--- MATERIAL FOR THE TASK ---

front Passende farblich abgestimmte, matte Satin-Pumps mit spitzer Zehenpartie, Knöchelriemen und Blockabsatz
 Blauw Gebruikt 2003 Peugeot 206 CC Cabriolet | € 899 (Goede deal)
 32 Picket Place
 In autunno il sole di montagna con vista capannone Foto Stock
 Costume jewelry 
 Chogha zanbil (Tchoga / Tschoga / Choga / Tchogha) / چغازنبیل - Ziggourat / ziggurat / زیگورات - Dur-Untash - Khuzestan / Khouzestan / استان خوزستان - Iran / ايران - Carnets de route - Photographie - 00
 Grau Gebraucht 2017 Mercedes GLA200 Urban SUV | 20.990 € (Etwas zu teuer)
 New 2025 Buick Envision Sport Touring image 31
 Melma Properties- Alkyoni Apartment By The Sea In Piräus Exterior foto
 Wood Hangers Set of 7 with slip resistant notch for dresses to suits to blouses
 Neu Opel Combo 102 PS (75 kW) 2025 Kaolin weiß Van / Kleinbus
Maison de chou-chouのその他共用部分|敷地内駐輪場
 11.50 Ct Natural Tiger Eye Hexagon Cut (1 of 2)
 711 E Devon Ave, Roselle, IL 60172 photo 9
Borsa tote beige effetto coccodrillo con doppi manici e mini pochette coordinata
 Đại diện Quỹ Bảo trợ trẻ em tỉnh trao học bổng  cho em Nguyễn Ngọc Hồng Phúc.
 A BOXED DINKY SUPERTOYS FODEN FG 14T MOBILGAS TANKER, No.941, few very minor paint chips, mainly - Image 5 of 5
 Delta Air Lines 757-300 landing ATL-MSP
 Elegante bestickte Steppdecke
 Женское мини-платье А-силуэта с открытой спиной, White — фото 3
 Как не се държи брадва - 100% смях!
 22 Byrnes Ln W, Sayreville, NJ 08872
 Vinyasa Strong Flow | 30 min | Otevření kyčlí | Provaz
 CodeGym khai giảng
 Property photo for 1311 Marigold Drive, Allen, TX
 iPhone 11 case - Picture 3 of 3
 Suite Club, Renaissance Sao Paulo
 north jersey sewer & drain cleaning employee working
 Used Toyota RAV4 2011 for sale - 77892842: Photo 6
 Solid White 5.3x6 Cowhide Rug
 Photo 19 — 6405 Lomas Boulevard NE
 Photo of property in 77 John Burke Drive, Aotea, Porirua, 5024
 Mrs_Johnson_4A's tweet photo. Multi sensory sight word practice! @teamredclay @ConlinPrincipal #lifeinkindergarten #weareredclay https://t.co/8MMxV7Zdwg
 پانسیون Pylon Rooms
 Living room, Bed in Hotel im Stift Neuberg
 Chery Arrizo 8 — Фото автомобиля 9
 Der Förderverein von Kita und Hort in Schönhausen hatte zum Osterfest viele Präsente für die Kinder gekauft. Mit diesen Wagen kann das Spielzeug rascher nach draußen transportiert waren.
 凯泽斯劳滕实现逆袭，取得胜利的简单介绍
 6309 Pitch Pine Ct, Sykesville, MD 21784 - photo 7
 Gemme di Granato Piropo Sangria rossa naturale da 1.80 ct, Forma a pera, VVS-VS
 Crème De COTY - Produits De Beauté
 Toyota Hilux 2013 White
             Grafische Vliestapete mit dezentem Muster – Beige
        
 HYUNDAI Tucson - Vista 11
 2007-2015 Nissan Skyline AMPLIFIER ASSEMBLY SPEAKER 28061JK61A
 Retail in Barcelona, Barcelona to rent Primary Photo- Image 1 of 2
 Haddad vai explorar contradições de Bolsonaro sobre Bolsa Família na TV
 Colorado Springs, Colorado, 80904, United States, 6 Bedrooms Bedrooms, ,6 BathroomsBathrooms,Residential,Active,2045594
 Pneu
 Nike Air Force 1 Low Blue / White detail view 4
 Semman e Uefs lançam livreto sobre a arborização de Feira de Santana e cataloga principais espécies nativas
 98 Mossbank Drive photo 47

---

WORK TO BE COMPLETED. Transcribe every record above so that nothing differs from the original.

TASK SOLUTION.
front Passende farblich abgestimmte, matte Satin-Pumps mit spitzer Zehenpartie, Knöchelriemen und Blockabsatz
 Blauw Gebruikt 2003 Peugeot 206 CC Cabriolet | € 899 (Goede deal)
 32 Picket Place
 In autunno il sole di montagna con vista capannone Foto Stock
 Costume jewelry 
 Chogha zanbil (Tchoga / Tschoga / Choga / Tchogha) / چغازنبیل - Ziggourat / ziggurat / زیگورات - Dur-Untash - Khuzestan / Khouzestan / استان خوزستان - Iran / ايران - Carnets de route - Photographie - 00
 Grau Gebraucht 2017 Mercedes GLA200 Urban SUV | 20.990 € (Etwas zu teuer)
 New 2025 Buick Envision Sport Touring image 31
 Melma Properties- Alkyoni Apartment By The Sea In Piräus Exterior foto
 Wood Hangers Set of 7 with slip resistant notch for dresses to suits to blouses
 Neu Opel Combo 102 PS (75 kW) 2025 Kaolin weiß Van / Kleinbus
Maison de chou-chouのその他共用部分|敷地内駐輪場
 11.50 Ct Natural Tiger Eye Hexagon Cut (1 of 2)
 711 E Devon Ave, Roselle, IL 60172 photo 9
Borsa tote beige effetto coccodrillo con doppi manici e mini pochette coordinata
 Đại diện Quỹ Bảo trợ trẻ em tỉnh trao học bổng  cho em Nguyễn Ngọc Hồng Phúc.
 A BOXED DINKY SUPERTOYS FODEN FG 14T MOBILGAS TANKER, No.941, few very minor paint chips, mainly - Image 5 of 5
 Delta Air Lines 757-300 landing ATL-MSP
 Elegante bestickte Steppdecke
 Женское мини-платье А-силуэта с открытой спиной, White — фото 3
 Как не се държи брадва - 100% смях!
 22 Byrnes Ln W, Sayreville, NJ 08872
 Vinyasa Strong Flow | 30 min | Otevření kyčlí | Provaz
 CodeGym khai giảng
 Property photo for 1311 Marigold Drive, Allen, TX
 iPhone 11 case - Picture 3 of 3
 Suite Club, Renaissance Sao Paulo
 north jersey sewer & drain cleaning employee working
 Used Toyota RAV4 2011 for sale - 77892842: Photo 6
 Solid White 5.3x6 Cowhide Rug
 Photo 19 — 6405 Lomas Boulevard NE
 Photo of property in 77 John Burke Drive, Aotea, Porirua, 5024
 Mrs_Johnson_4A's tweet photo. Multi sensory sight word practice! @teamredclay @ConlinPrincipal #lifeinkindergarten #weareredclay https://t.co/8MMxV7Zdwg
 پانسیون Pylon Rooms
 Living room, Bed in Hotel im Stift Neuberg
 Chery Arrizo 8 — Фото автомобиля 9
 Der Förderverein von Kita und Hort in Schönhausen hatte zum Osterfest viele Präsente für die Kinder gekauft. Mit diesen Wagen kann das Spielzeug rascher nach draußen transportiert waren.
 凯泽斯劳滕实现逆袭，取得胜利的简单介绍
 6309 Pitch Pine Ct, Sykesville, MD 21784 - photo 7
 Gemme di Granato Piropo Sangria rossa naturale da 1.80 ct, Forma a pera, VVS-VS
 Crème De COTY - Produits De Beauté
 Toyota Hilux 2013 White
             Grafische Vliestapete mit dezentem Muster – Beige
        
 HYUNDAI Tucson - Vista 11
 2007-2015 Nissan Skyline AMPLIFIER ASSEMBLY SPEAKER 28061JK61A
 Retail in Barcelona, Barcelona to rent Primary Photo- Image 1 of 2
 Haddad vai explorar contradições de Bolsonaro sobre Bolsa Família na TV
 Colorado Springs, Colorado, 80904, United States, 6 Bedrooms Bedrooms, ,6 BathroomsBathrooms,Residential,Active,2045594
 Pneu
 Nike Air Force 1 Low Blue / White detail view 4
 Semman e Uefs lançam livreto sobre a arborização de Feira de Santana e cataloga principais espécies nativas
 98 Mossbank Drive photo 47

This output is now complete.